Timothy C. Havens, Assistant Professor, Electrical and Computer Engineering and Computer Science and William and Gloria Jackson Assistant Professor, Michigan Technological University
Abstract: Since the early 1990's, the ubiquity of personal computing technology has produced an abundance of staggeringly large data sets-it is estimated that Facebook alone logs over 25 terabytes of data per day and large bioinformatics data sets that integrate microarrays, sequences, and ontology annotations continue to grow. To compound this fact, these data sets are populated from disparate, often unknown, sources and are in a wide-range of formats. There is a great need for systems by which one can elucidate the similarity among and between groups in these data sets and produce easy-to-understand visualizations of the results. In this talk, I will discuss methods for efficiently and accurately approximating the solution of the kernel c-means clustering algorithm, focusing on both crisp and fuzzy variants. Kernel clustering has been shown to be effective for data sets where the groups are not linearly separable in the input space or are high-dimensional. However, kernel c-means (or k-means) algorithms present computation and storage requirement challenges: clustering 500,000 objects requires 1 terabyte of main memory. I will show that on medium scale data (~50,000 objects) the proposed approximate and streaming kernel k-means algorithms give up to three orders of magnitude speed-up and a constant factor reduction in memory footprint with little-to-no degradation in performance, as compared to literal kernel k-means. I also demonstrate that the algorithms perform well on large-scale data (>500,000 objects), including magnetic resonance imaging volumes. Last, I will apply my methods to bioinformatics data composed of genes described by Gene Ontology annotations to show how they can be used for comparative genomics.

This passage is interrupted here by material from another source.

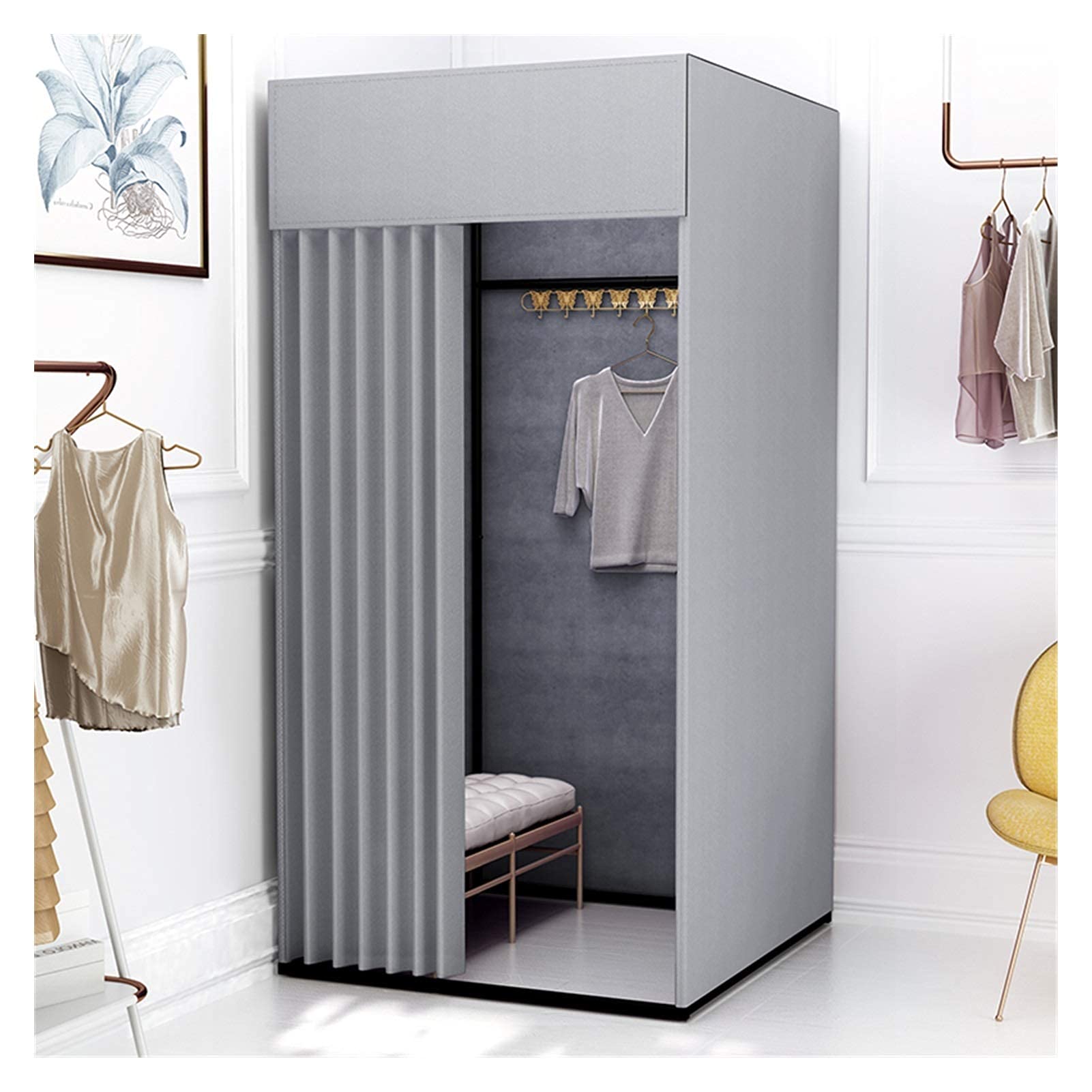 Buy Leunlee Clothing Store Fitting Room, Portable Fitting Room, Simple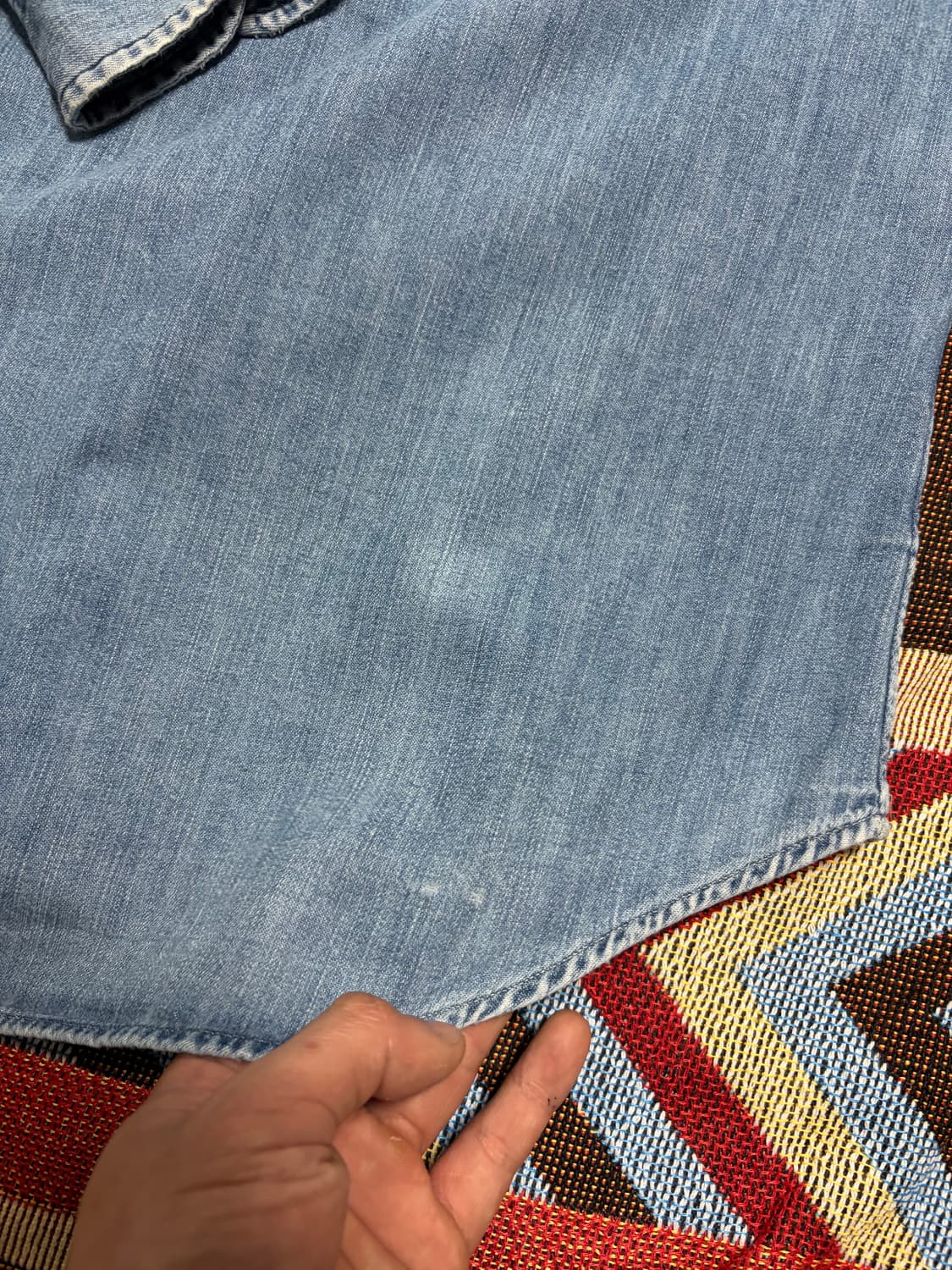 M) 폴로 랄프로렌 데님 셔츠 상품이미지8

Speaker Bio: Tim Havens is an Assistant Professor in Electrical and Computer Engineering and Computer Science and the William and Gloria Jackson Assistant Professor at Michigan Technological University (MTU). He received a Ph.D. in electrical and computer engineering from the University of Missouri in 2010, and a B.S. and M.S. in electrical engineering from Michigan Tech in 1999 and 2000, respectively. Prior to joining MTU, he was an NSF / CRA Computing Innovation Fellow at Michigan State University, where he developed machine learning methods for heterogeneous and big data. From 2000-2006, Dr. Havens was an associate technical staff at MIT Lincoln Laboratory, where he analyzed GPS and directed energy systems in support of the U.S. Air Force. He is a senior member of the IEEE and an associate editor of the IEEE Transactions on Fuzzy Systems. He was awarded the best paper award at FUZZ-IEEE 2012, the IEEE Franklin V. Taylor Memorial Award for best paper at IEEE SMC 2011, and a best journal paper award from the Midwest Nursing Research Society in 2009; he has published over 50 technical articles. He was on the program committee of IEEE CEC 2009 and IAPR CICB/PRIB 2013, has been chair of several special sessions at IEEE WCCI and FUZZ-IEEE, and is an external reviewer for the Hong Kong Research Grants Council and several technical journals. Dr. Havens's research has been supported by the National Science Foundation, Leonard Wood Institute, and RAND/ John A. Hartford Foundation.